YOUR TASK => Leaving out all images, write out the records that follow exactly.

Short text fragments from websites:
........

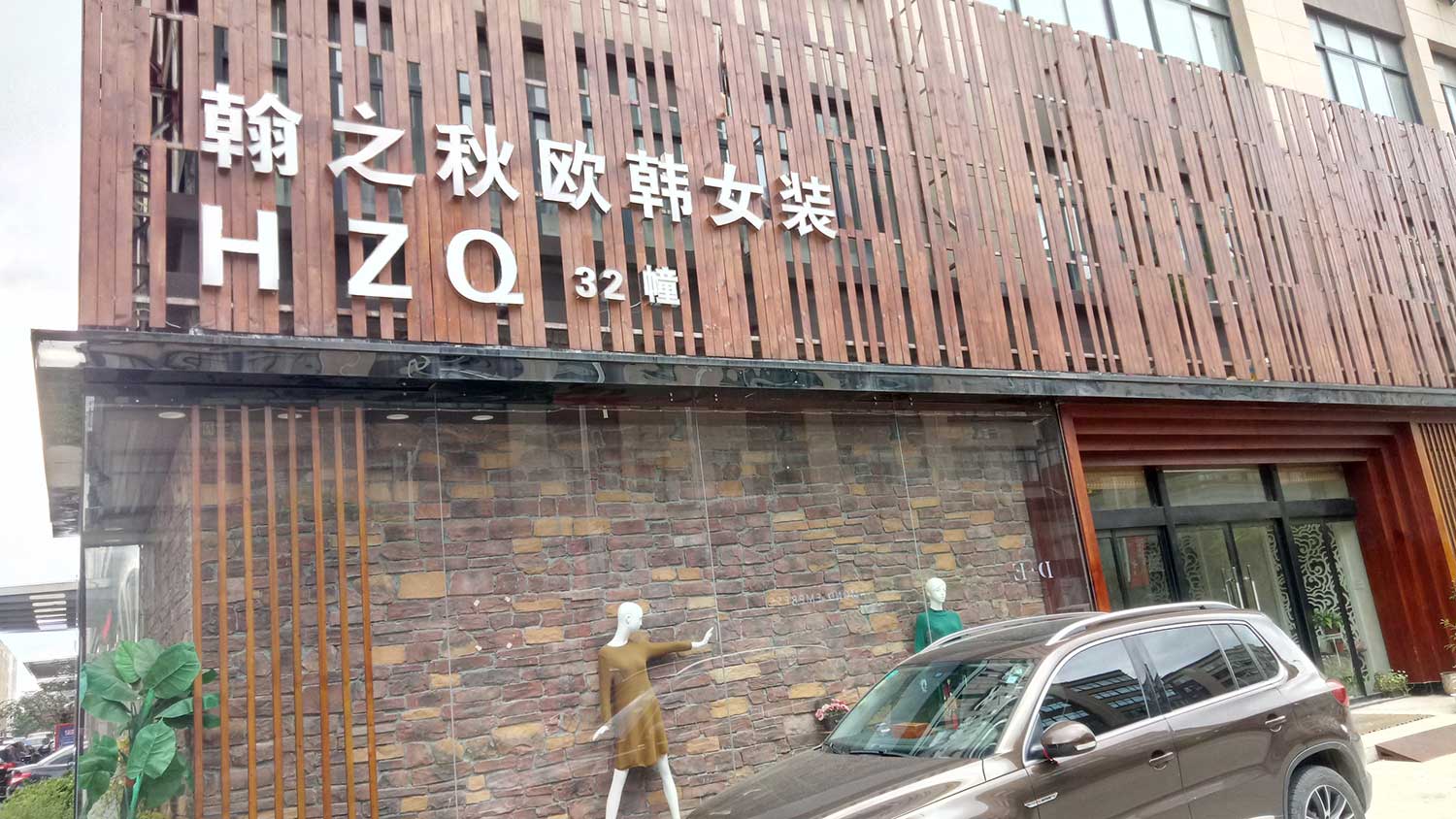 HZQ_Building.jpg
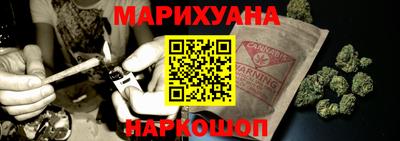 бошки Среднеуральск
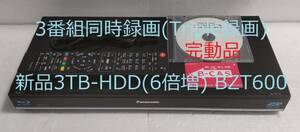 3TB-3 номер комплект одновременно видеозапись 3D-Panasonic DMR-BZT600 исправно работающий товар ( новый товар 3TB-HDD заменяемый завершено / обычный работа BD Drive заменен )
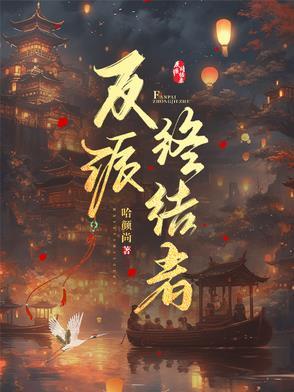 终结者6男反派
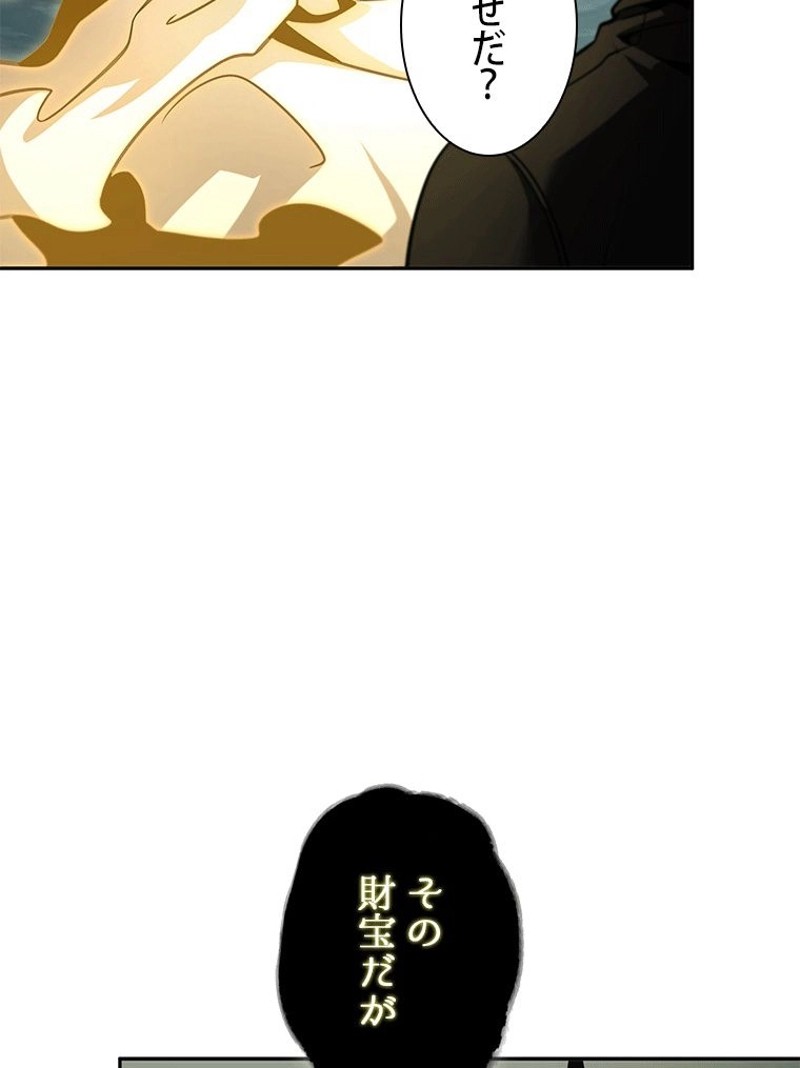 P98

........

RESPONSE FOR THIS EXERCISE =>
 HZQ_Building.jpg
 бошки Среднеуральск
 3TB-3 номер комплект одновременно видеозапись 3D-Panasonic DMR-BZT600 исправно работающий товар ( новый товар 3TB-HDD заменяемый завершено / обычный работа BD Drive заменен )
 终结者6男反派
 P98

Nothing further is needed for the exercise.